Start of Given records

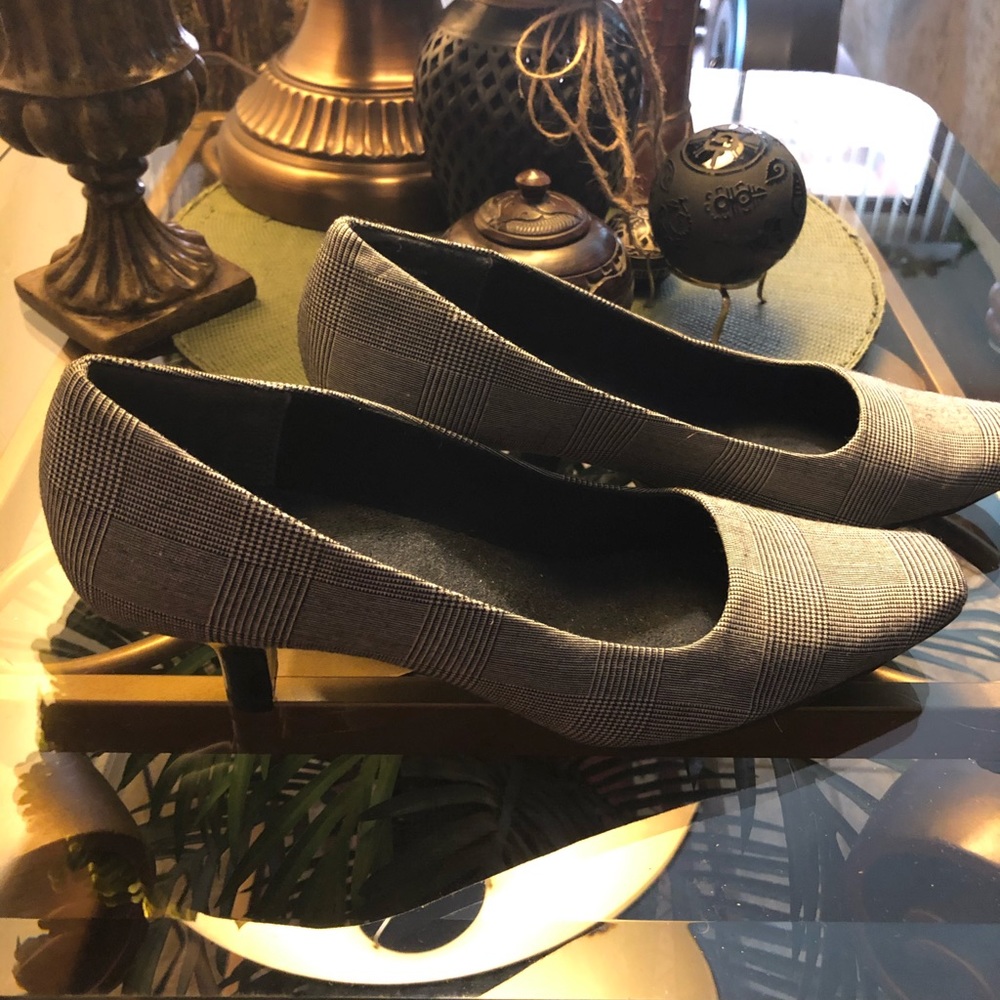 Black and white low pumps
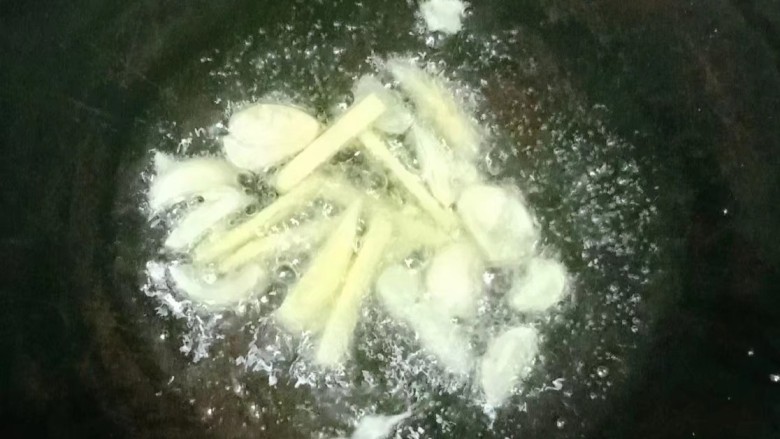 苦瓜炒鸡蛋,另热锅下油,放入姜蒜爆香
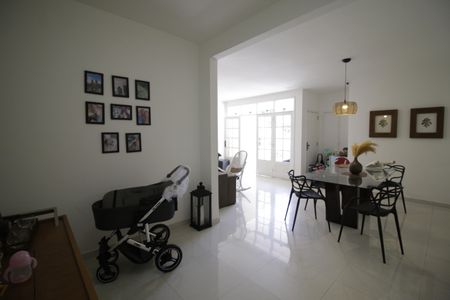 Casa de condomínio à venda com 375m², 4 quartos e 2 vagasSala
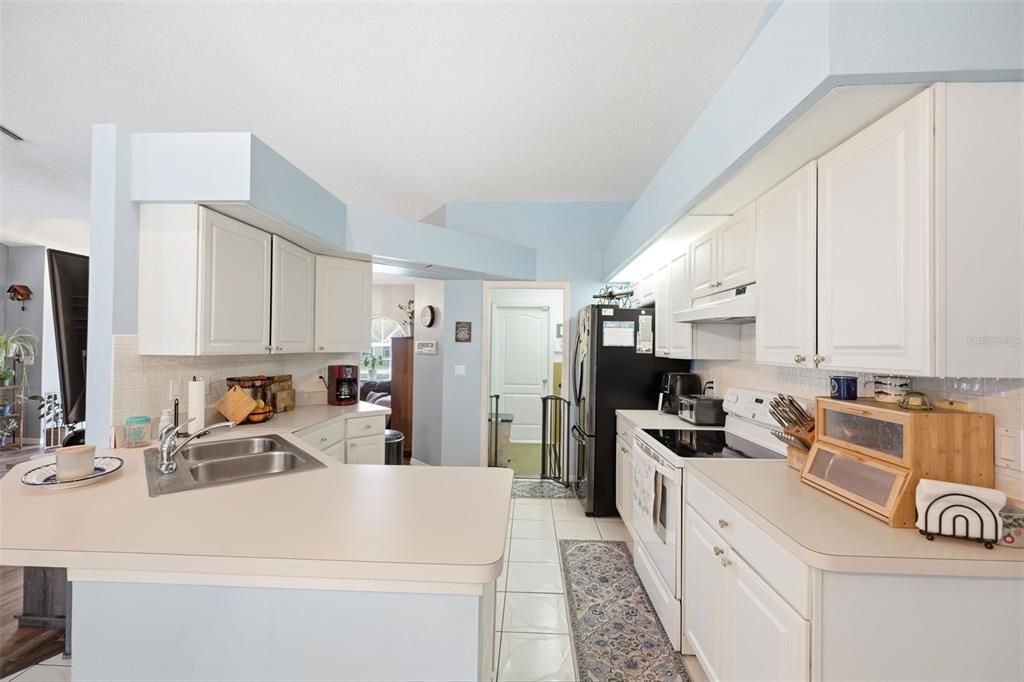 For Sale: $315,000 (3 beds, 2 baths, 1576 Square Feet)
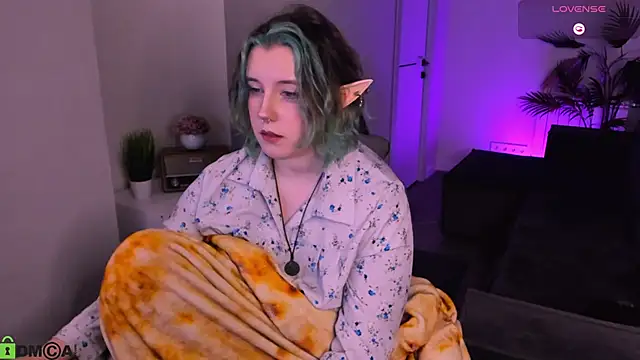 Snapshot of candy_yeah chatting on 03/02/26, 01:08 candy yeah online show from 03/02/26, 01:08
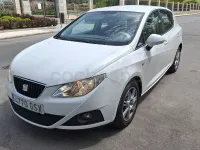 Usado Seat Ibiza Style 85 CV (62 kW) 2010 Blanco Berlina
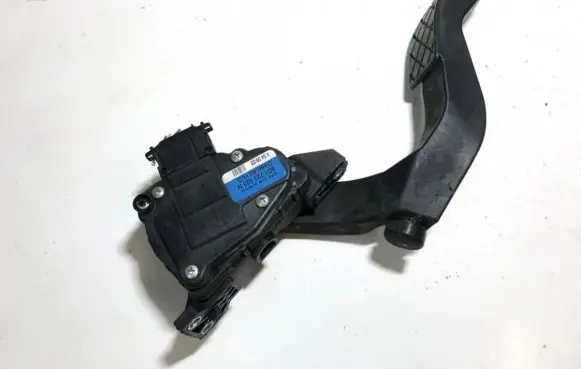 Volkswagen PASSAT B5.5 Accelerator throttle pedal 8d1723523n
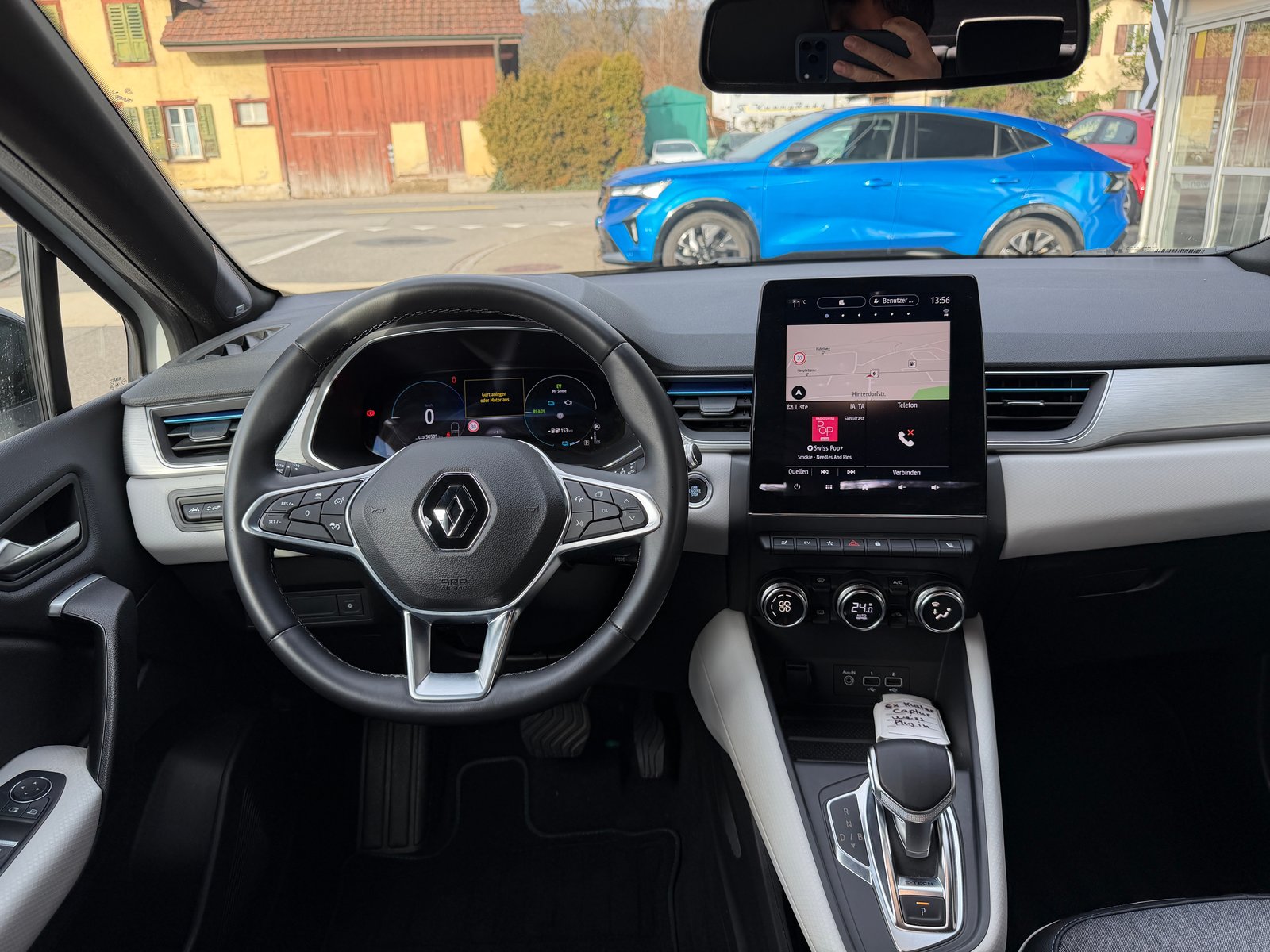 RENAULT Captur 1.6 E-Tech Plug-in Edition One, Plug-in-Hybrid Petrol/Electric, Second hand / Used, Automatic - 5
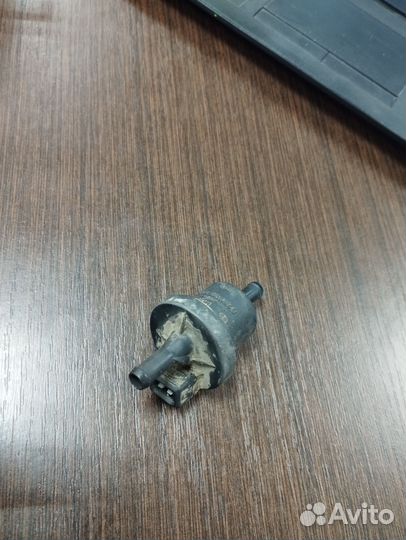 Клапан вентиляции бака Bosch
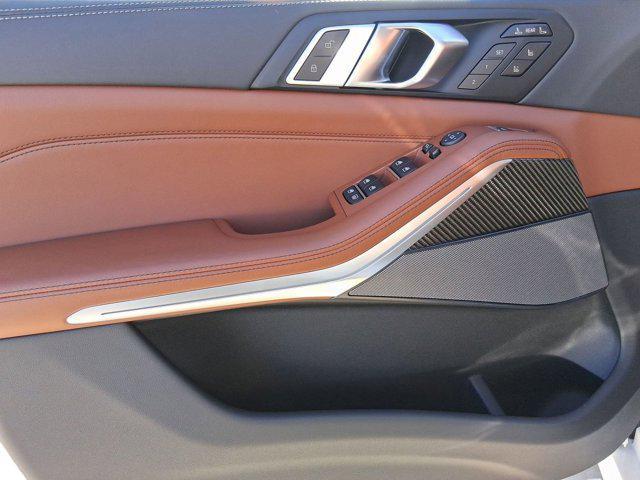 new 2026 BMW X7 car, priced at $124,285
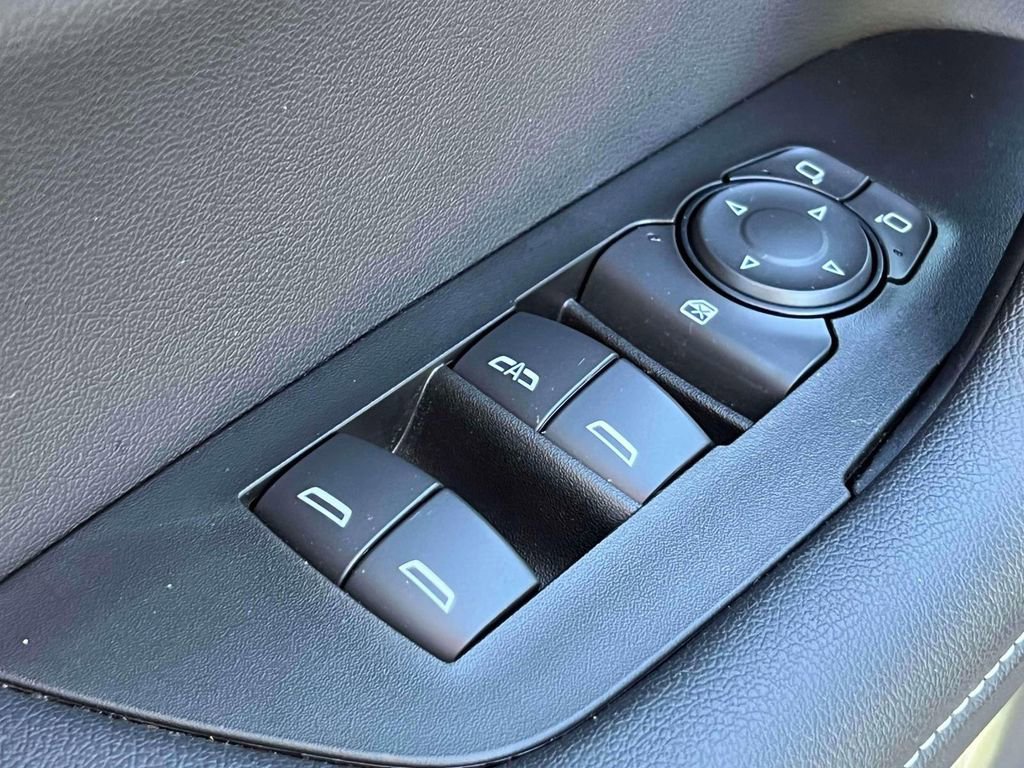 Used 2025 Chevrolet Blazer LT AWD/4WD image 18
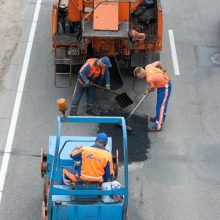 Apmaudu: kelius tiesiantys darbininkai nė neįtaria, kad dalis jų sunkiai uždirbtų pinigų nuplaukia į teisėsaugos akiratyje atsidūrusių sporto veikėjų rankas.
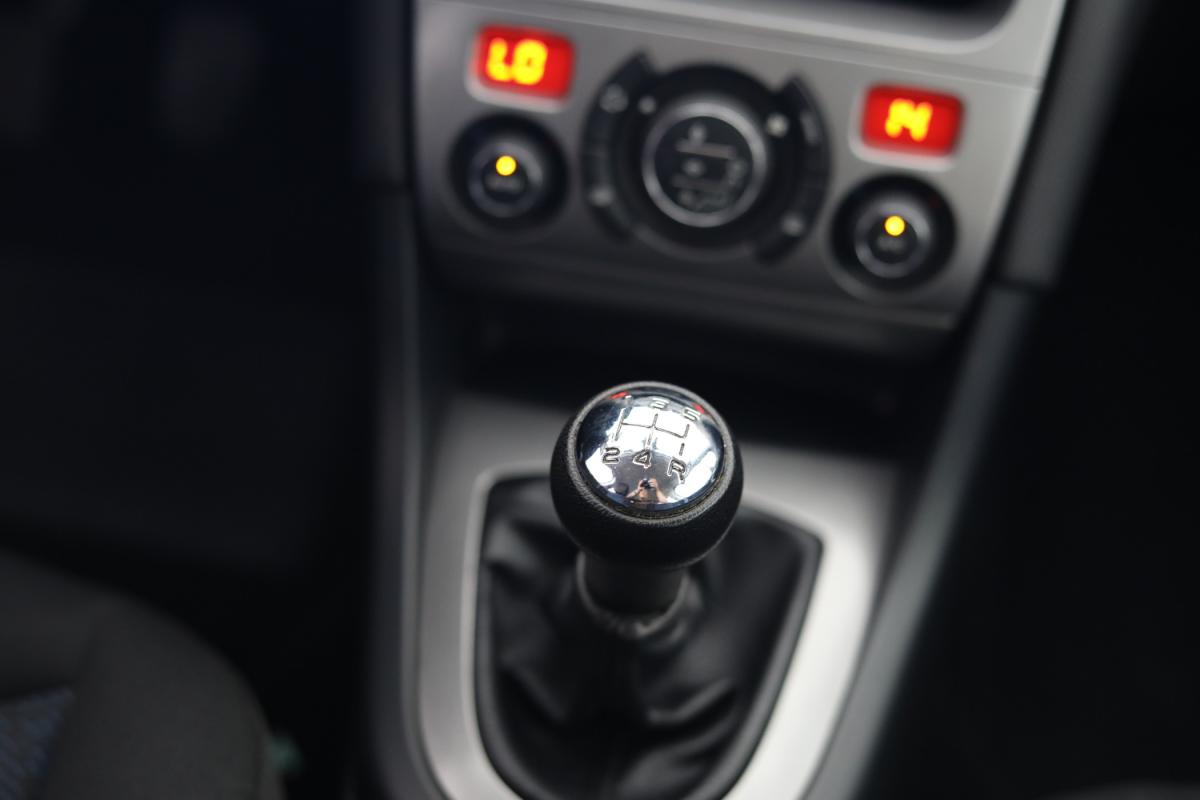 peugeot-308-2010-diesel-1560cc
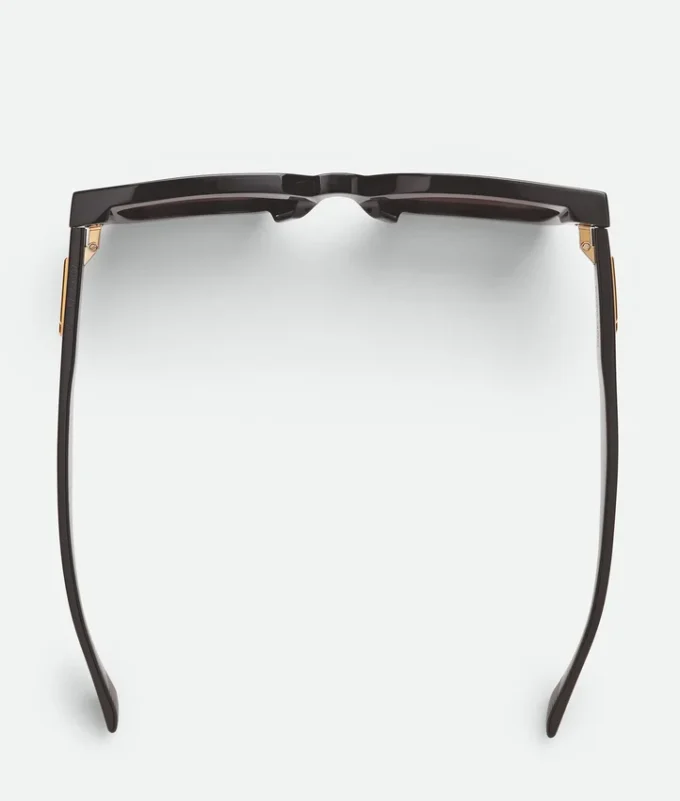 Klassische quadratische Sonnenbrille Klassische quadratische Sonnenbrille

End of Given records

### [Work to complete]
"Volkswagen PASSAT B5.5" marks the last line to keep. Retype every line from the start of the entries through that one, exactly, and drop the pictures.

### [Exercise solution]
 Black and white low pumps
 苦瓜炒鸡蛋,另热锅下油,放入姜蒜爆香
 Casa de condomínio à venda com 375m², 4 quartos e 2 vagasSala
 For Sale: $315,000 (3 beds, 2 baths, 1576 Square Feet)
 Snapshot of candy_yeah chatting on 03/02/26, 01:08 candy yeah online show from 03/02/26, 01:08
 Usado Seat Ibiza Style 85 CV (62 kW) 2010 Blanco Berlina
 Volkswagen PASSAT B5.5 Accelerator throttle pedal 8d1723523n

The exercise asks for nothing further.